In 2004, my debut poetry collection had been out less than a year and I was trying to book a gig in New York City. I can't remember who suggested getting in touch with Jackie, who was the host of the Pink Pony Reading Series at Cornelia Street Cafe, but I got her email and, with little hope, sent her a note. A day or two later, Jaxx responded with an invitation not only to read at Cornelia Street, but to join her at the Bowery Poetry Club as well. When I spoke to her on the phone about my travel plans, she told me I was crazy for booking an expensive hotel room. "Are you crazy? Come and stay at my place." And so I did. Jackie's walk-up in Harlem would became my home-away-from-home for my many subsequent visits to NYC. There would be plenty more invitations to read at Cornelia Street and other gigs Jaxx was involved in. She was generous in ways so many poets are not, especially in championing new voices and giving them space. She thought the "po'biz" scene was bullshit and many of the poets involved in it were boring, self-important assholes. She was most definitely right about that.

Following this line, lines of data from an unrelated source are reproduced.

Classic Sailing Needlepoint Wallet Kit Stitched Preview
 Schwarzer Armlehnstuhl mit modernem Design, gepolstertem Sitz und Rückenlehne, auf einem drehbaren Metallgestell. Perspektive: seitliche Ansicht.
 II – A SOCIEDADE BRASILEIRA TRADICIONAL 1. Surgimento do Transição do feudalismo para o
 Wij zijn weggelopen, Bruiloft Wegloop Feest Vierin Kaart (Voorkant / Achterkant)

Jaxx loved her apartment in Harlem. It was rent-controlled, steps from the subway and she loved the mix of people in her neighborhood. She believed in supporting the bodegas, the local restaurants and was livid when one of the big banks opened a branch on her block. Her apartment was full of books and music, great art and a giant, over-priced yellow leather couch. She loved that fucking couch (she even wrote a poem about how much she loved that fucking couch). I had the honor of sleeping on that fucking couch, as well as laughing, crying over love affairs gone wrong, and staying up late to gossip, talk poetry and politics or listen to music. Especially Patti Smith. Jaxx was inspired to create her own band, Talk Engine, which produced some fantastic personal and political music revolving around her poetry.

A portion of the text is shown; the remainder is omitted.